Crea sito

Rivoli: la strage di Piazza Fontana, dopo cinquant’anni, rivive grazie ad un incontro del Partito Democratico Appuntamento lunedì 2 dicembre, alle ore 18.30, presso il Centro d'Incontro Borgo Uriola

piazza fontana

RIVOLI – Lunedì 2 dicembre, alle ore 18.30, presso il Centro d’Incontro Borgo Uriola di Rivoli, avrà luogo un’iniziativa pubblica organizzata dal Circolo Partito Democratico di Rivoli. il tema: la strage di Piazza Fontana.  A pochi giorni dal 50° anniversario di uno dei più gravi attentati del Dopoguerra, riteniamo infatti fondamentale mantenere viva la Memoria. L’iniziativa si pone come obiettivo quello di farci comprendere meglio quanto accaduto quel giorno e di approfondire uno dei momenti chiave della storia italiana più buia. Il Partito Democratico lo faremo con l’aiuto, tra gli altri, di Fortunato Zinni, testimone diretto della strage e autore del libro “Nessuno è Stato“.

LA STORIA

La strage di piazza Fontana, che sarà tema di discussione a Rivoli, fu conseguenza di un grave attentato terroristico compiuto il 12 dicembre 1969. Nel centro di Milano presso la Banca Nazionale dell’Agricoltura. Causò 17 morti e 88 feriti. Considerata “la madre di tutte le stragi”. Il “primo e più dirompente atto terroristico dal dopoguerra“. Il momento più incandescente della strategia della tensione. Da alcuni ritenuto l’inizio del periodo passato alla storia in Italia come anni di piombo. Per tanti aspetti si può parlare d’una storia della Repubblica prima e dopo piazza Fontana. Gli attentati terroristici di quel giorno furono cinque. Concentrati in un lasso di tempo di appena 53 minuti, e colpirono contemporaneamente Roma e Milano, le due maggiori città d’Italia.
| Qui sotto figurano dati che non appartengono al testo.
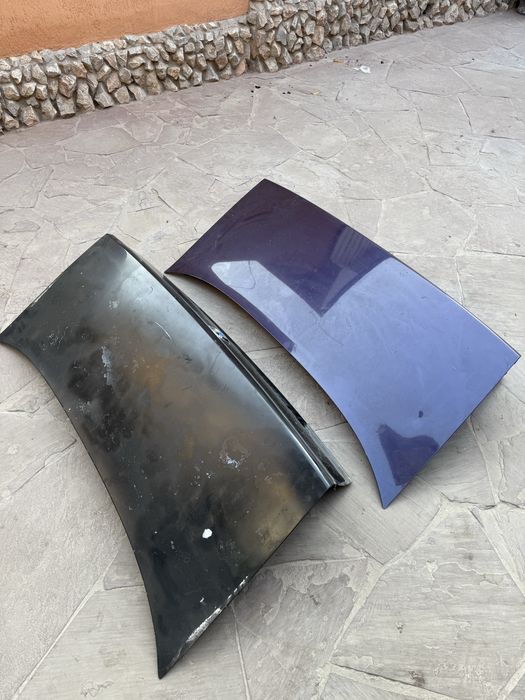 Крышка Багажника на BMW e34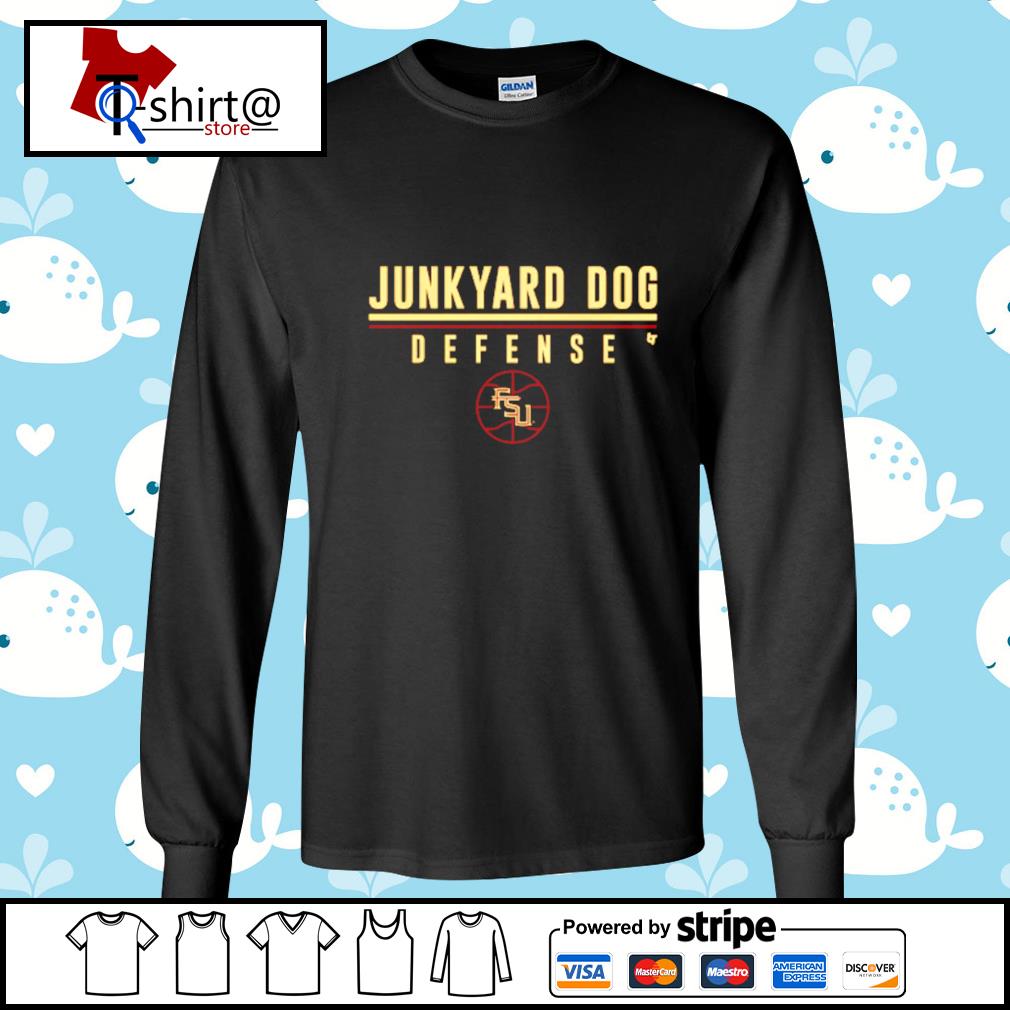 junkyard dog shirt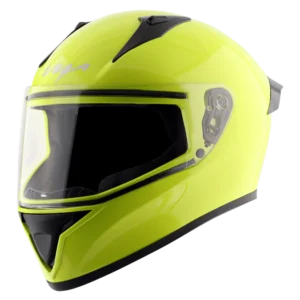 Bolt Helmet - Neon Yellow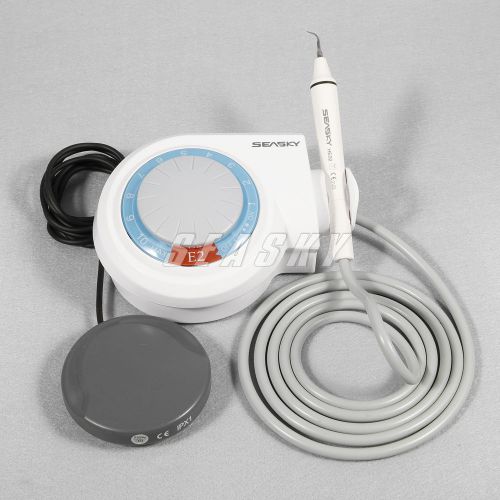 New arrival dental ultrasonic scaler handpiece tips woodpecker e2 ems scaling for sale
Roma ci furono tre attentati che provocarono 16 feriti. Uno alla Banca Nazionale del Lavoro in via San Basilio, uno in Piazza Venezia e un altro all’Altare della Patria. Una seconda bomba venne ritrovata inesplosa in piazza della Scala a Milano. La strage della Banca dell’Agricoltura non fu la più atroce tra quelle che hanno insanguinato l’Italia. Diede avvio al periodo stragista della “strategia della tensione“. Vide realizzare numerosi attentati come la strage di piazza della Loggia del 28 maggio 1974. Quindi la strage del treno Italicus del 4 agosto 1974. Poi la più sanguinosa strage di Bologna del 2 agosto 1980.